I'm sorry to hear that some A3s are plagued with this also.


----------



## bluely (Dec 5, 2001)

*Re: Front window rattle (GTINC)*


_Quote, originally posted by *GTINC* »_Sure it is not something other than the windows?

No. What I'm positive of is that the sound ONLY occurs when the windows are rolled up to their max setting. Infact, I've pretty much committed to rolling down my windows the slightest bit everytime I get in the car to make the sounds go away.

_Quote, originally posted by *agarc* »_I've had this exact same problem in my A4 Jetta. I think it's the rubber seal inner lining that has a metal piece... In colder weather the inner piece vibrates against the steel in the door. It's subtle, but annoying.

That sounds like a posible cause. I can't see inside the lining well enough to tell though. I don't know if its related to the cold or not. The problem started recently, but it could just be that the car has been driven longer, etc. The strange thing is that its BOTH sides- so I don't think it is something that fell out of alignment.


----------



## A3owner2B (Jul 14, 2004)

*Re: Front window rattle (bluely)*

I like to think of our buds in Europe as the test team - try this
http://www.audi-sport.net/ubbt...34043


----------



## westend (Mar 27, 2003)

*Re: Front window rattle (A3owner2B)*

welcome to the audi/vw world, rattles should be listed under standard features.


----------



## Christopher463 (Jul 16, 2005)

Kind of late, but...
On my previous car, a Nissan, I had the same problem. When the windows were up all the way they would rattle... so after having them open and using the auto-up feature, I would have to do that super quick tap of the window button to put the windows down a tiny bit but not let outside noise/air in.
I have NOT had this happen in my A3.


----------



## RyanA3 (May 11, 2005)

*Re: (Christopher463)*

Does everyone with the problem have OPEN SKY?


----------



## scotchy (Oct 2, 2005)

*Re: Front window rattle (bluely)*

Did anyones dealer fix this yet? Just noticed mine doing it today.


----------



## bluely (Dec 5, 2001)

*Re: (RyanA3)*


_Quote, originally posted by *RyanA3* »_Does everyone with the problem have OPEN SKY?

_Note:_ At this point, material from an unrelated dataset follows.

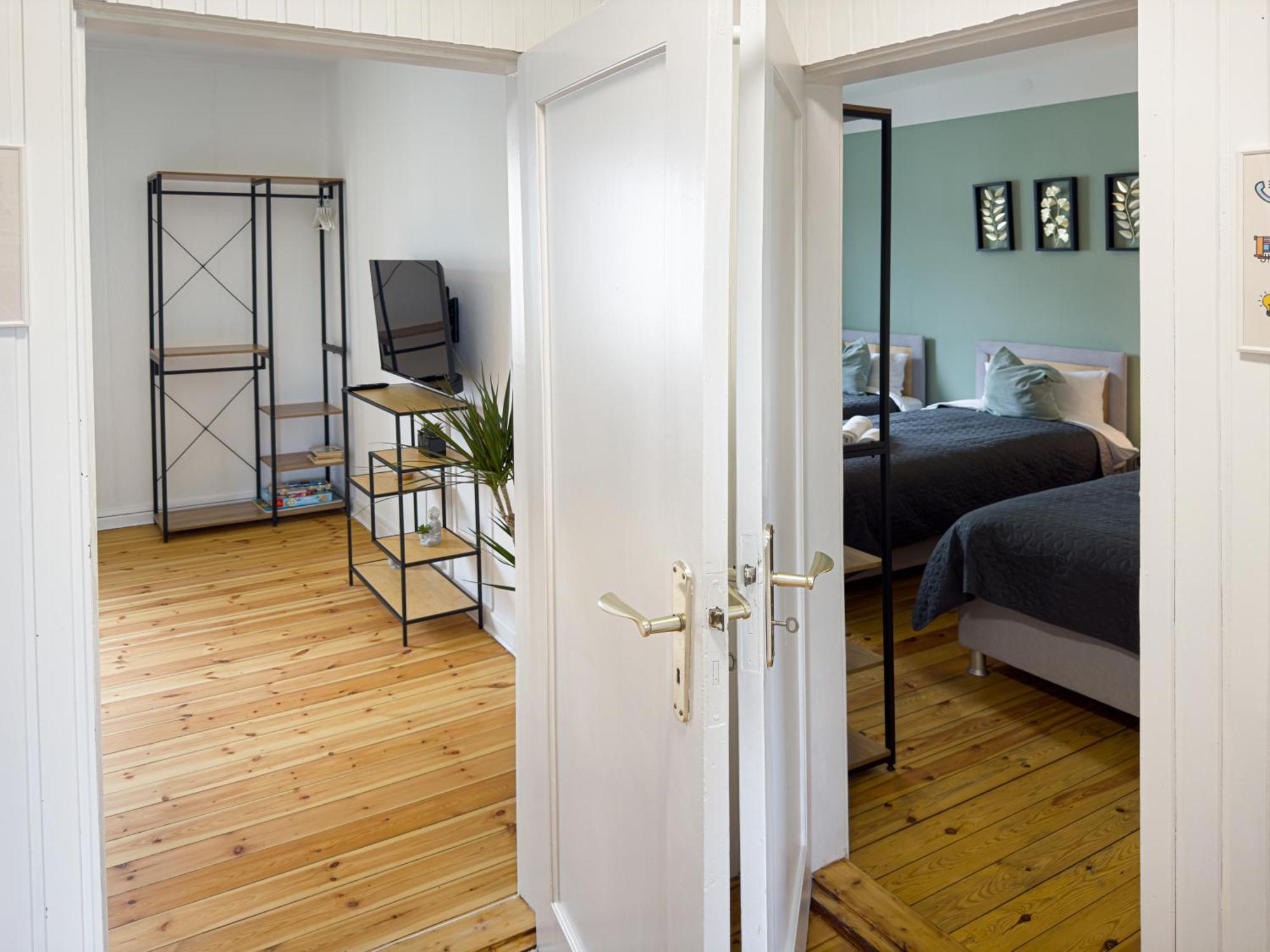 Immostay #8 - Haus Fuer 13 Personen Mit 7 Zimmer - Grosser Garten & Grill, Free Parking, Wlan BRE Buitenkant foto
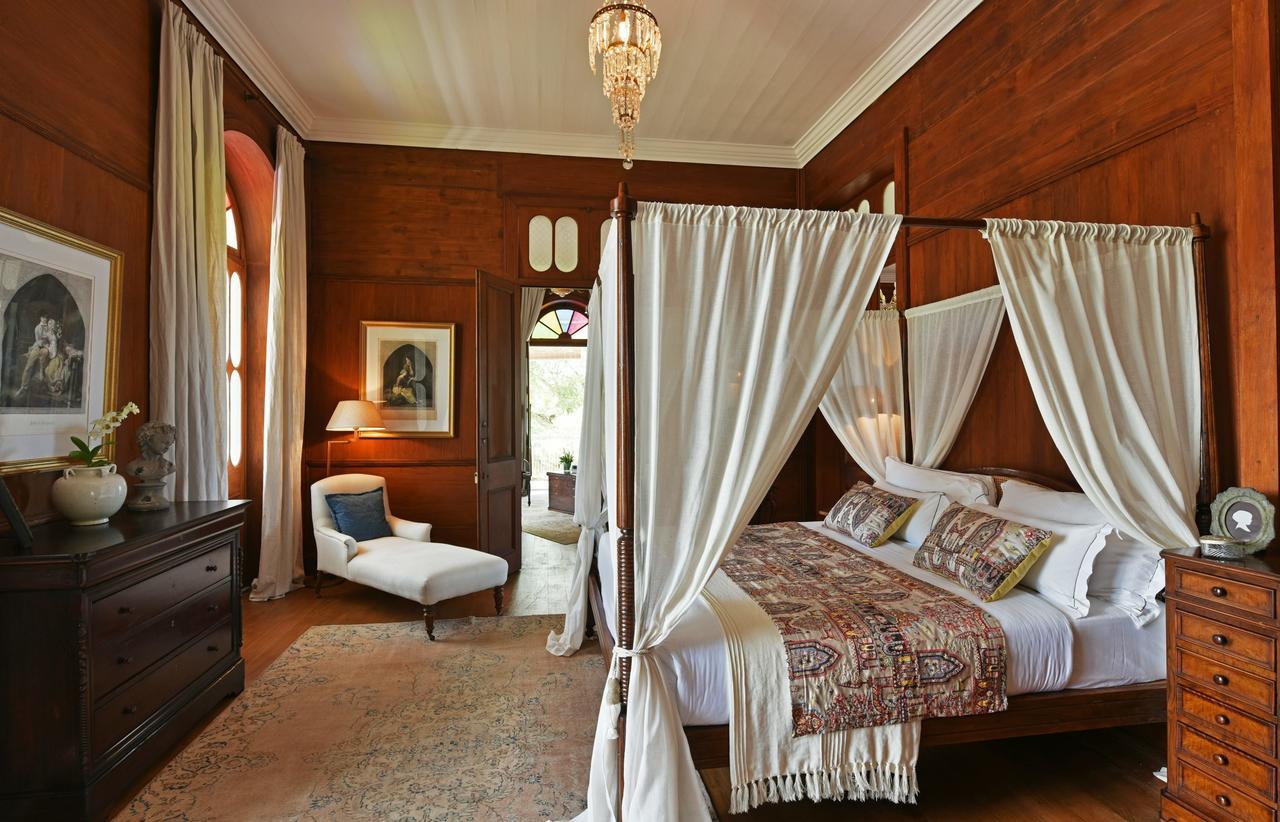 Heritage Le Telfair Golf & Wellness Resort Bel Ombre Kültér fotó A bedroom at the hotel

I do not have Open Sky. Someone attached a link below to a European forum. It took me a few days to get registered for that site (seems like a human being does the approval). The basic gist of that thread is that when your window closes tight, it runs into something hard up top. Someone suggested he had it have solved it by applying silicone to the door seals. (There's also a note that the spray on silicon is a banned substance in the US.)


----------



## QUATTR0 (Dec 1, 2005)

*Re: Front window rattle (bluely)*

I have the same problem.
I sprayed some silicone lubricant around the window seals, including the lower edge, and the rattle went away for a few months.
Now it's come back... time for a respray.


----------



## sivart321 (Mar 12, 2002)

*Re: Front window rattle (QUATTR0)*

Where exactly did you spray the silicone? Was it where the window slides into? Or around the door frame?
Sorry to bring back an old thread. I noticed a few people having similar issues, too.


----------



## A3_yuppie (Jun 5, 2006)

*Re: Front window rattle (QUATTR0)*


_Quote, originally posted by *QUATTR0* »_I have the same problem.
I sprayed some silicone lubricant around the window seals, including the lower edge, and the rattle went away for a few months.
Now it's come back... time for a respray.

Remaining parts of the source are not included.